Editorial El Mercurio Jueves 18 de Marzo 2010
En agosto de 2009, el Comité Permanente de la Conferencia Episcopal de Chile hizo pública una propuesta sobre “Misericordia y clemencia: signos del Bicentenario”, en la que formuló al Gobierno una petición para que, en un espíritu de jubileo —esto es, la indulgencia plenaria, solemne y universal concedida por el Papa en ciertos tiempos y ocasiones— en este año tan especial para el país, se estudie y otorgue un indulto a personas privadas de libertad por sentencia judicial. Probablemente, una acertada comprensión de la agitación electoral que se vivía en ese momento aconsejó entonces postergar esta discusión hasta un período más propicio para un diálogo ciudadano sereno.
Recién asumido el nuevo gobierno, el cardenal arzobispo de Santiago, monseñor Errázuriz, ha instado a retomar este tema, dando luces acerca de la propuesta que vendrá y que básicamente consiste en entregar un indulto que muestre clemencia “con los más ancianos y con los enfermos más graves” y todos los internos que han “tenido una conducta intachable y no constituyen un peligro para la sociedad”, de modo que puedan recibir una reducción en sus penas o incluso la libertad condicional.

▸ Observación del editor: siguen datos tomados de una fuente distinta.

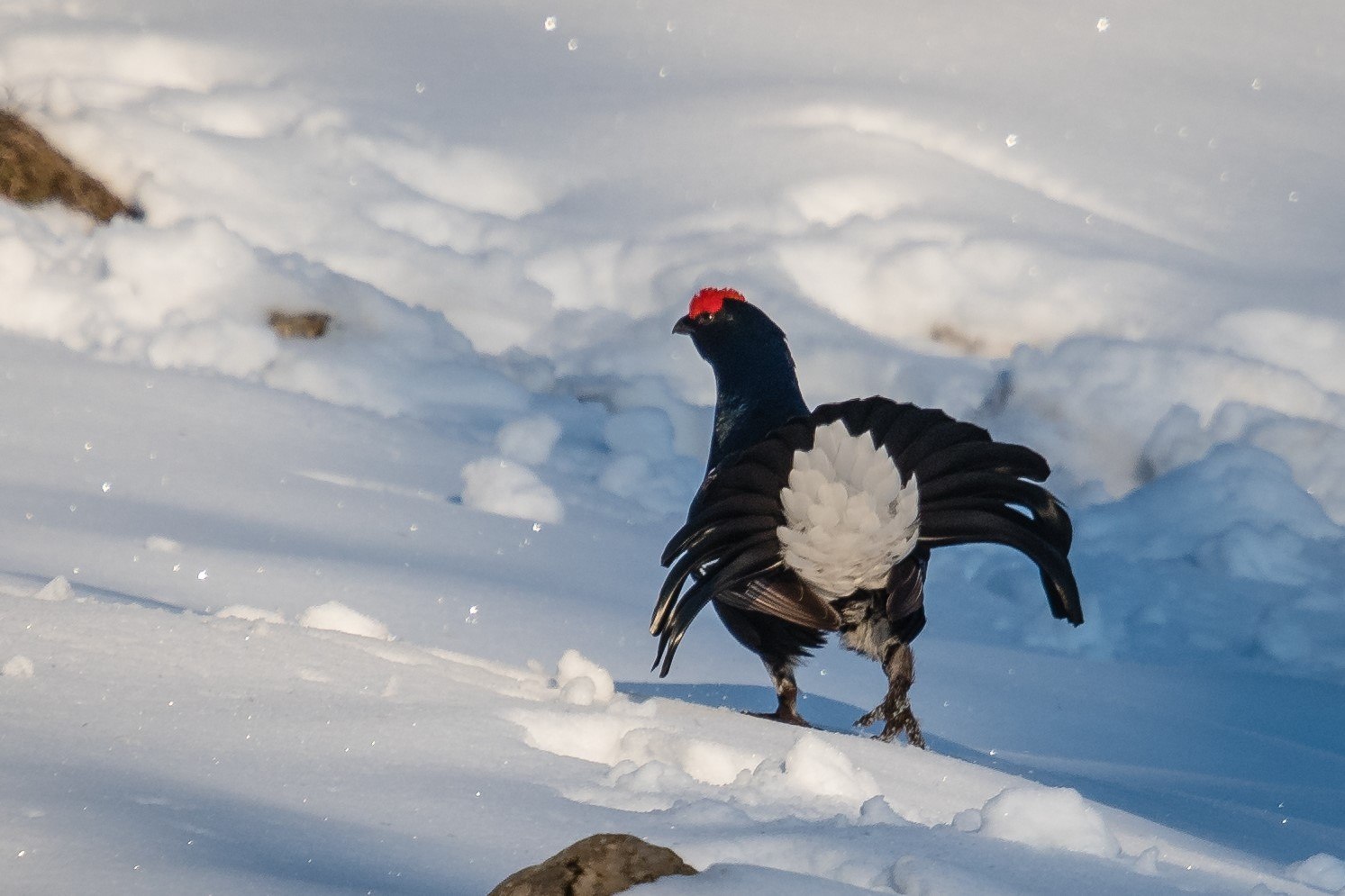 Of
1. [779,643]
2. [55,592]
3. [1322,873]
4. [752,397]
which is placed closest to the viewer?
[1322,873]

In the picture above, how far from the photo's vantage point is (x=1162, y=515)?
6.10 metres

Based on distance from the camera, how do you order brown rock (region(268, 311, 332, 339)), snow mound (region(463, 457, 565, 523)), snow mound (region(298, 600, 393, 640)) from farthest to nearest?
1. brown rock (region(268, 311, 332, 339))
2. snow mound (region(463, 457, 565, 523))
3. snow mound (region(298, 600, 393, 640))

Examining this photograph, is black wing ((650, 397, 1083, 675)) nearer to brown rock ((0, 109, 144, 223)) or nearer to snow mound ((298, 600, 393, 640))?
snow mound ((298, 600, 393, 640))

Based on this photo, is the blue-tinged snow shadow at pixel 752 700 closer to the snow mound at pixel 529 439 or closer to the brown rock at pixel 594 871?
the brown rock at pixel 594 871

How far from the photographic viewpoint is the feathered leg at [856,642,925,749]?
287cm

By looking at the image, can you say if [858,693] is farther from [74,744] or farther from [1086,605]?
[74,744]

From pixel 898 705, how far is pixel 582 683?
805 mm

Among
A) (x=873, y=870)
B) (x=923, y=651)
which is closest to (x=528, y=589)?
(x=923, y=651)

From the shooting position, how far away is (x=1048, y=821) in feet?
5.77

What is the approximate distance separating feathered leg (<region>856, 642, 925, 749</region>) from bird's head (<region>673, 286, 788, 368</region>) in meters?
0.87

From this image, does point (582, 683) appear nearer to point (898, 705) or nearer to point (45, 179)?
point (898, 705)

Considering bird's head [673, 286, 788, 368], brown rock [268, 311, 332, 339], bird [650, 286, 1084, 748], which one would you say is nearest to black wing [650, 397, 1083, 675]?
bird [650, 286, 1084, 748]

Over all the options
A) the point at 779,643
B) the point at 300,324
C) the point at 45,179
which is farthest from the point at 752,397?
the point at 45,179

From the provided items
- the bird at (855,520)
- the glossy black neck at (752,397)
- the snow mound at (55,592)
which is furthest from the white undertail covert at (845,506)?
the snow mound at (55,592) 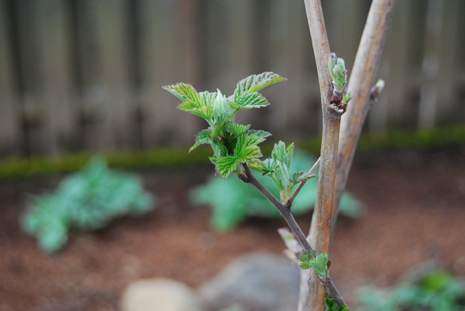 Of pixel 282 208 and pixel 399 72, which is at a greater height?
pixel 282 208

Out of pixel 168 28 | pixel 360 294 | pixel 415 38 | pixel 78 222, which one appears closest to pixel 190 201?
pixel 78 222

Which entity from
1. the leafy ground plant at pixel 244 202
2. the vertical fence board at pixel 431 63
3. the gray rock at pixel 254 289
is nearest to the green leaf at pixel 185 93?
the gray rock at pixel 254 289

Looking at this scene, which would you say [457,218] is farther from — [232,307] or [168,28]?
[168,28]

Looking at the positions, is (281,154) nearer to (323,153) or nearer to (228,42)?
(323,153)

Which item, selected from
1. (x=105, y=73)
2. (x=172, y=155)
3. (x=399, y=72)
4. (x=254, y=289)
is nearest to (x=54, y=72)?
(x=105, y=73)

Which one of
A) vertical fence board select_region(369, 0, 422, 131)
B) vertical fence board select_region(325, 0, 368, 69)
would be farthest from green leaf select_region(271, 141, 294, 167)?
vertical fence board select_region(369, 0, 422, 131) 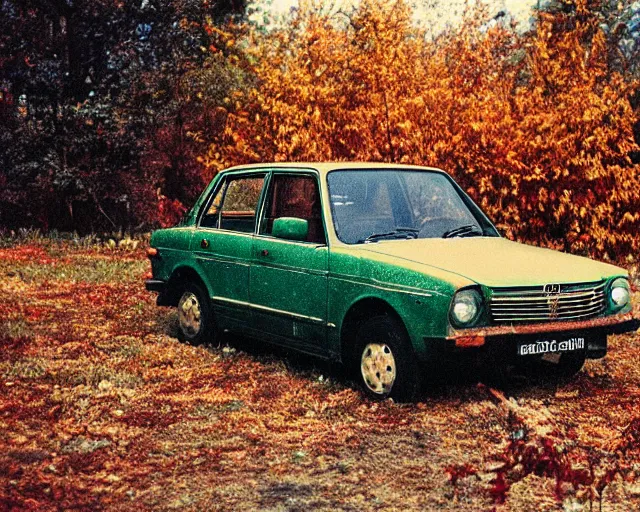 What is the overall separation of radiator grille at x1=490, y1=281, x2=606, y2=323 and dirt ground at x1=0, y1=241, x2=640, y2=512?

Para hacer justicia a un planteamiento como éste son necesarias algunas reflexiones. Una de las grandes deudas sociales e institucionales de nuestro país consiste en un sistema carcelario que, además de ser un entorno altamente adverso a la resocialización y la reinserción, condena al sentenciado a una serie de castigos no contemplados en su sentencia: hacinamiento, inseguridad y, en no pocos casos, abierta insalubridad. Siendo así, una muestra de misericordia como la que propone la Iglesia Católica debería comenzar con el estudio de un indulto sin exclusiones para los enfermos graves y los ancianos que no constituyan un peligro para la sociedad, pero no debería extinguirse ahí. La necesidad de revisar y mejorar sustancialmente las condiciones de vida de los reclusos, así como la elaboración de programas de seguimiento y asistencia social que sean efectivamente un apoyo a su vida en libertad, resultarían también imprescindibles. Sabido es que la falta de oportunidades de los condenados una vez fuera de la cárcel resulta ser casi siempre una ruta directa hacia la reincidencia. Precisamente por eso, debería incorporarse también en el proyecto la posibilidad de facilitar la limpieza del extracto de filiación en el cual constan las condenas, pues ése es un obstáculo permanente a las oportunidades laborales.
Por otra parte, la posibilidad de conmutar penas por otras de menor intensidad o de distinta naturaleza —tales como el extrañamiento, la relegación o similares— podría también enmarcarse en los fines del indulto.
Naturalmente, todo lo anterior supone como cuestión previa que Gendarmería disponga de un registro preciso de todos quienes cumplen las penas que se aminorarían, así como de las circunstancias jurídicas que condujeron a la imposición de las mismas. Sin estos antecedentes básicos, mal podría la autoridad resolver sobre tales indultos. Es inevitable plantear este aspecto que parecería obvio e inoficioso, pero lamentablemente no lo es, porque la experiencia de no pocos investigadores en esta área hace temer que las estadísticas de Gendarmería no siempre reflejen tales datos elementales.
Con todo, un análisis serio de la propuesta que se formule será pertinente, porque no sólo sería una oportuna muestra de clemencia en un aniversario muy significativo, sino además porque podría brindar a los internos que no accedan a ese beneficio una mejor oportunidad de rehabilitación, por la descompresión de los recintos carcelarios en actual estado crítico y, en consecuencia, la posibilidad de hacer más efectivos y personalizados los planes de reinserción que aplique la nueva administración.